Effects of insulin dependence on inflammatory process, thrombotic mechanisms and endothelial function, in patients with type 2 diabetes mellitus and coronary atherosclerosis.
Antoniades C., Tousoulis D., Marinou K., Papageorgiou N., Bosinakou E., Tsioufis C., Stefanadi E., Latsios G., Tentolouris C., Siasos G., Stefanadis C.

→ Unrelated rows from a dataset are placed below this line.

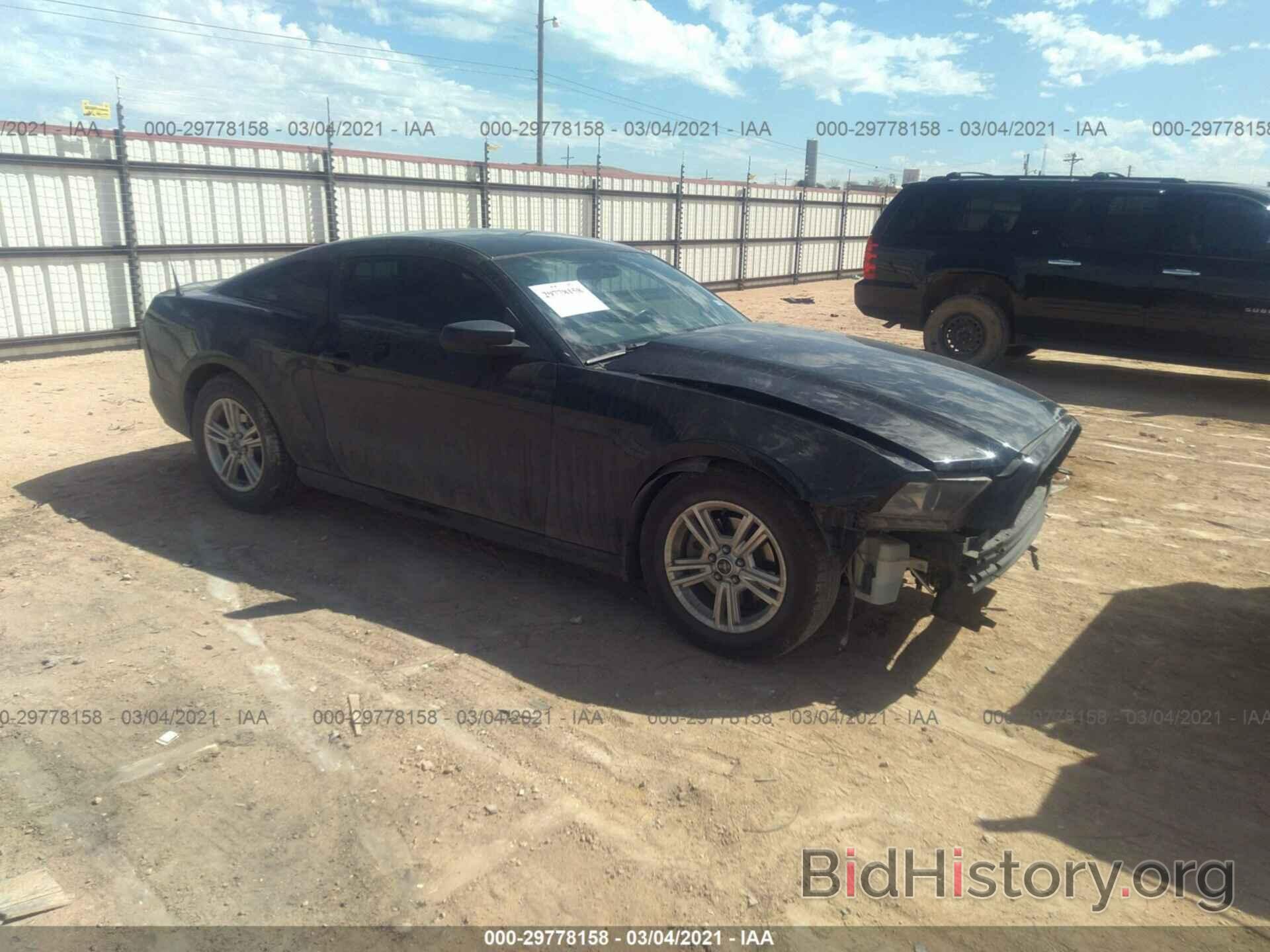 Photo 1ZVBP8AM9E5215114 - FORD MUSTANG 2014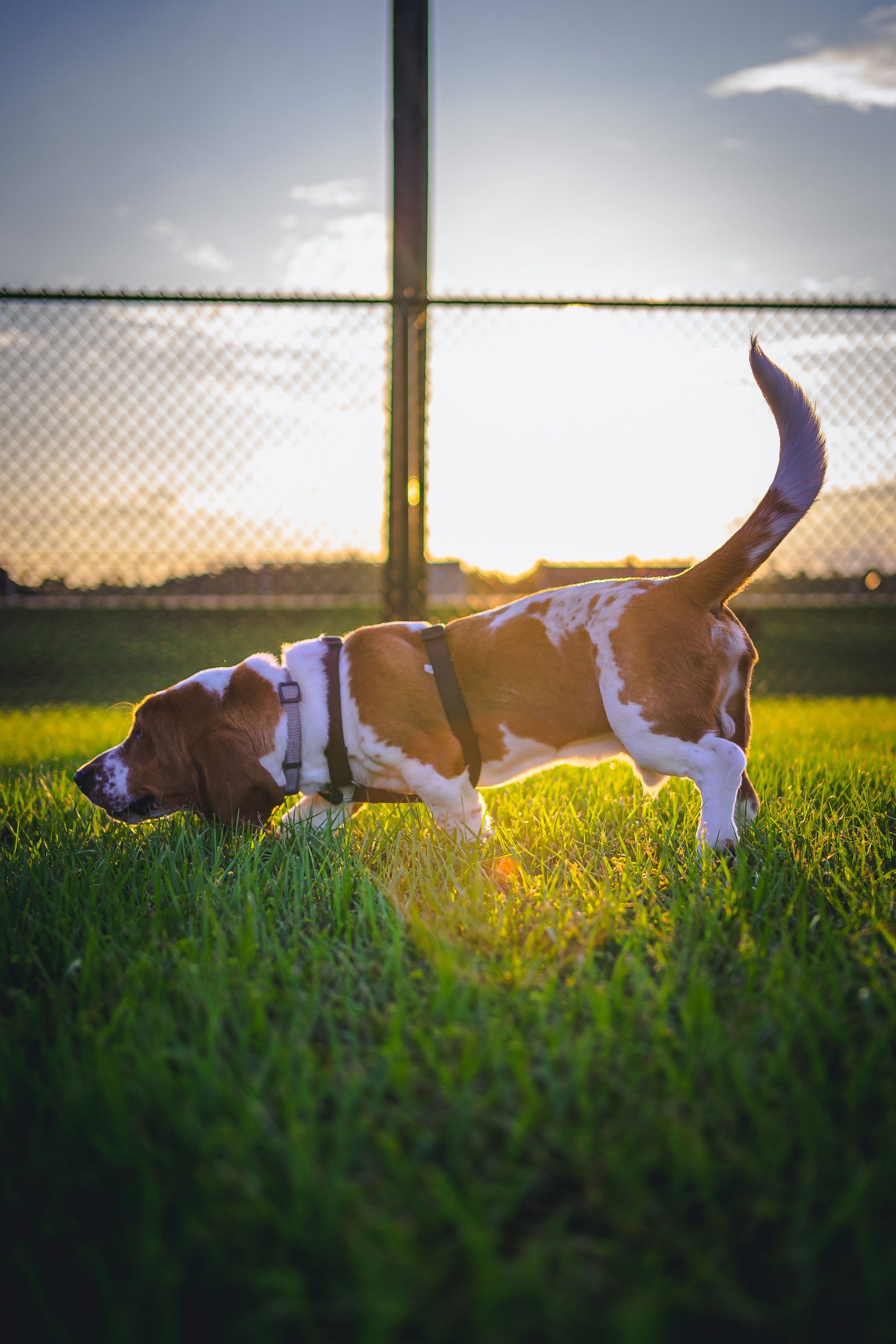 Basset hound wearing a harness at a St. Petersburg dog park at sunset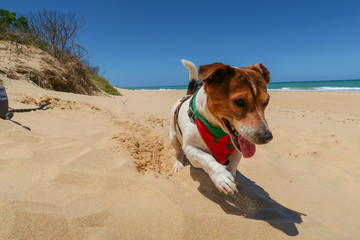 Happy dog running along beach on sunny day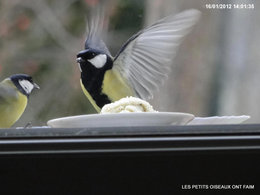 Nourrir les oiseaux en hiver au jardin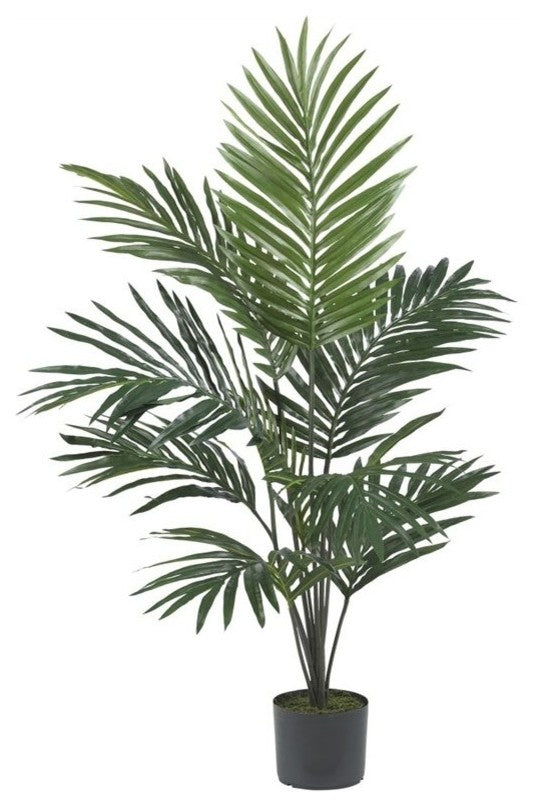 5' Kentia Palm Silk Tree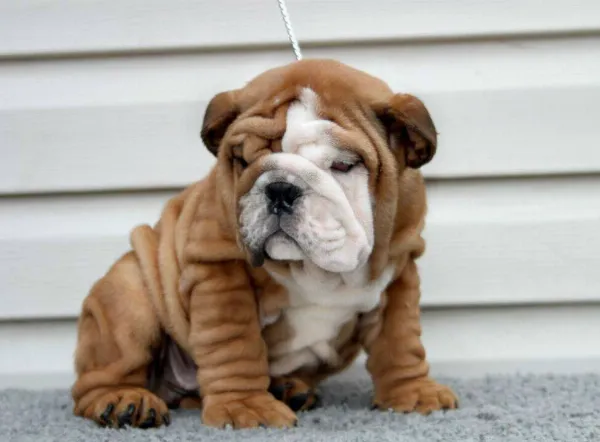 English Bulldog Cosmo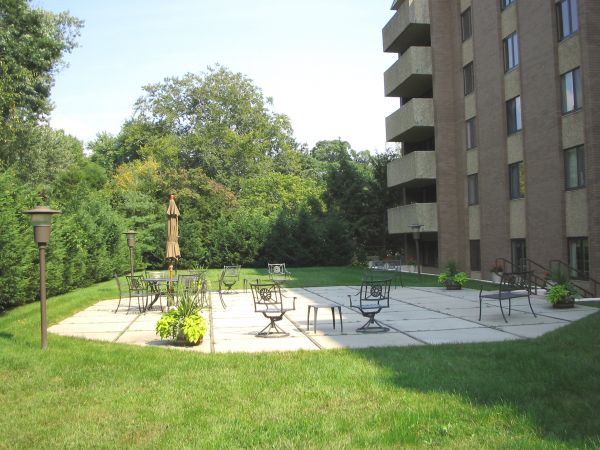 Patio Back Yard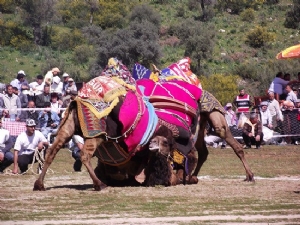 Camel Wrestling Festival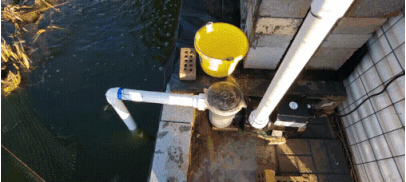 20220227_190747.gif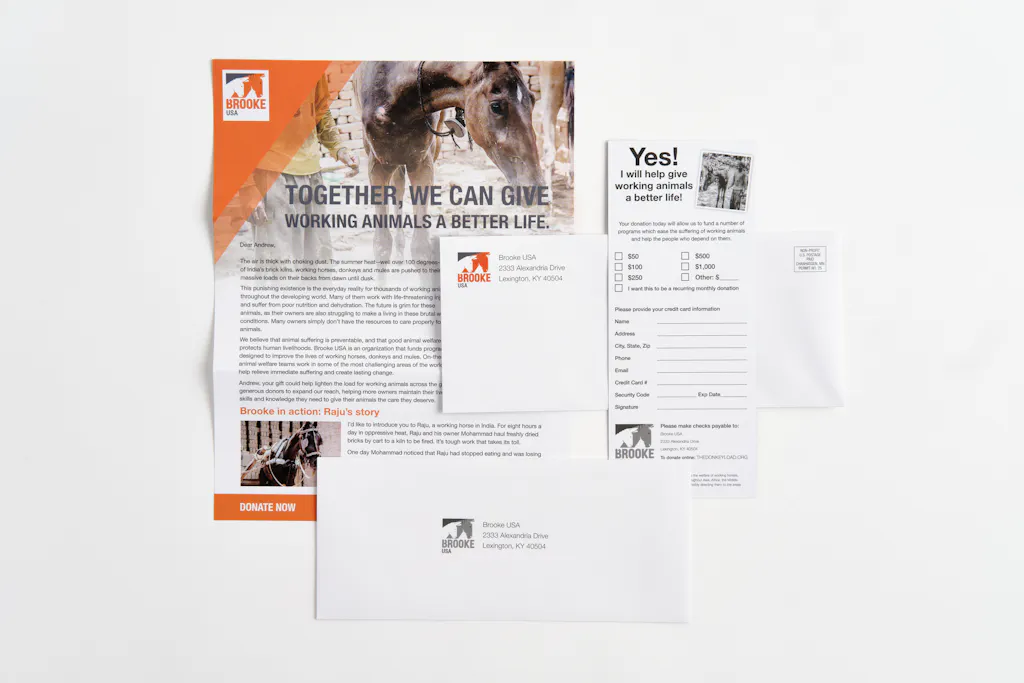 A letter mail printed with animal rescue information with matching envelopes and rack card.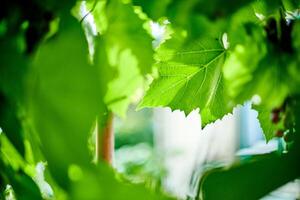 Grape leaves in vineyard. Green vine leaves at sunny september day. Soon autumn harvest of grapes for making wine, jam, juice, jelly, grape seed extract, vinegar, and grape seed oil. photo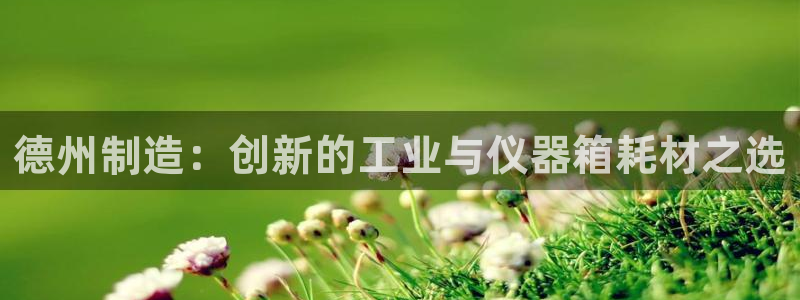 cq9电子模拟：德州制造：创新的工业与仪器箱耗材之选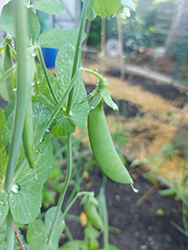 Super Sugar Snap Pea (Pisum sativum var. saccharatum 'Super Sugar Snap') at A Very Successful Garden Center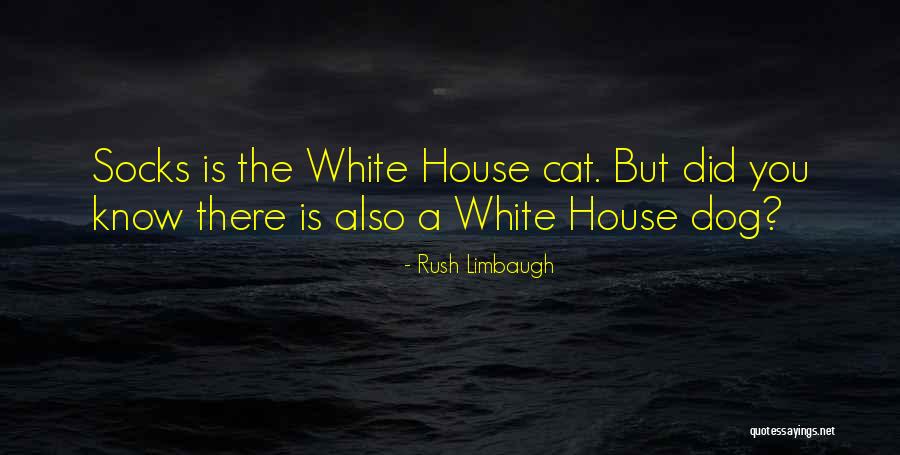 Gayna Havens Quotes By Rush Limbaugh Gayna Havens Quotes By Rush Limbaugh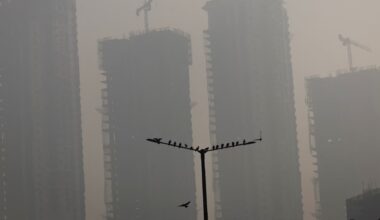 India detains environmental activist over anti-fossil fuel work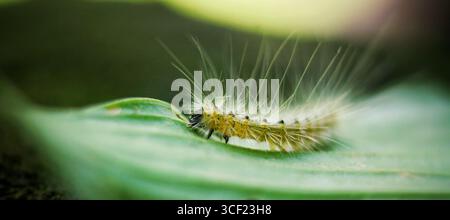 Macro gros plan d'une chenille jaune floue sur une feuille verte. Banque D'Images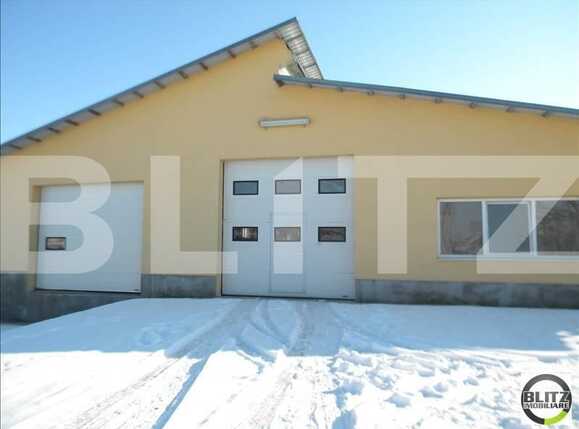 Spațiu industrial de închiriat Apahida - 22303SII | BLITZ Cluj-Napoca | Poza13
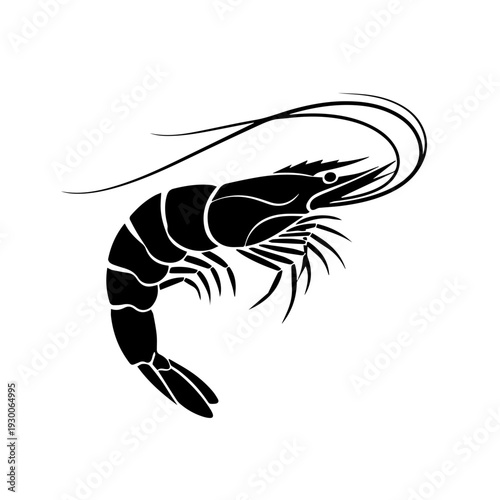 Illustration of a shrimp with flowing antennae from a side view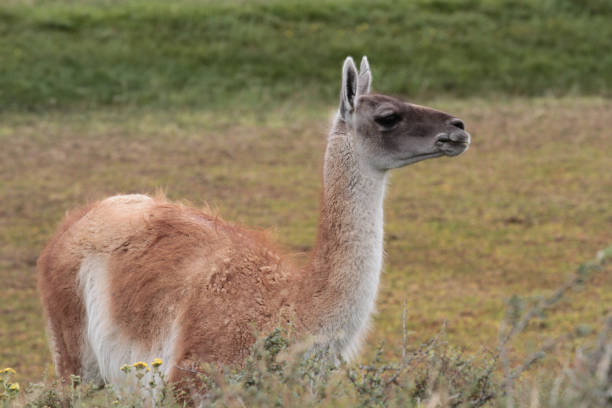 istock Guanacos - South American camels 861264394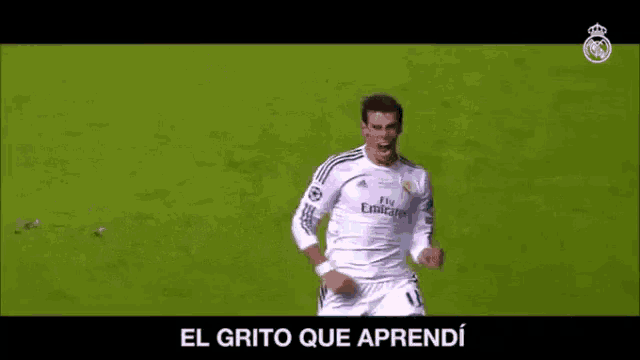 a soccer player wearing a fly emirates shirt is celebrating a goal .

BACKGROUND: Type 2 diabetes mellitus (T2DM) is characterized by endothelial dysfunction, increased thrombogenicity and abnormal inflammatory response. HYPOTHESIS: We hypothesizsed that insulin dependence/exogenous insulin administration may affect thrombotic/inflammatory status and endothelial function in patients with T2DM and coronary artery disease (CAD). METHODS: Fifty-five patients with T2DM + CAD (26 insulin-treated (INS) and 29 under oral biguanide + sulphonylurea (TABL)) were recruited. Endothelial function was assessed by gauge-strain plethysmography, and serum levels of inflammatory and thrombotic markers were determined by enzyme linked immunosorbent assay. RESULTS: There was no significant difference in endothelium-dependent dilation (EDD) between the study groups, while EDD was correlated with fasting glucose levels in both INS (r = - 0.776, p = 0.0001) and TABL (r = - 0.702, p = 0.0001). Patients in INS group had higher levels of interleukin-6 (IL-6), tumor necrosis factor alpha (TNF-alpha), monocyte chemoattractant protein (MCP-1) and vascular cell adhesion molecule (sVCAM-1), compared to TABL. However, TNF-alpha was negatively correlated with protein C (PrtC) only in INS (r = - 0.726, p = 0.01) but not in TABL group (r = - 0.066, p = 0.738). Similarly, sVCAM-1 was correlated with PrtC only among INS patients (r = - 0.451, p = 0.046) but not in TABL (r = 0.069, p = 0.727). In multivariate analysis, insulin dependence was a predictor of IL-6, TNF-alpha, MCP-1 and sVCAM-1 levels independently from the patients' demographic characteristics, the angiographic extend of CAD or the duration of diabetes. CONCLUSIONS: Insulin treatment in patients with type 2 diabetes mellitus affects the expression of inflammatory cytokines and subsequently modifies the thrombotic mechanisms in patients with coronary atherosclerosis, independently from the duration of diabetes and the extend of coronary artery disease.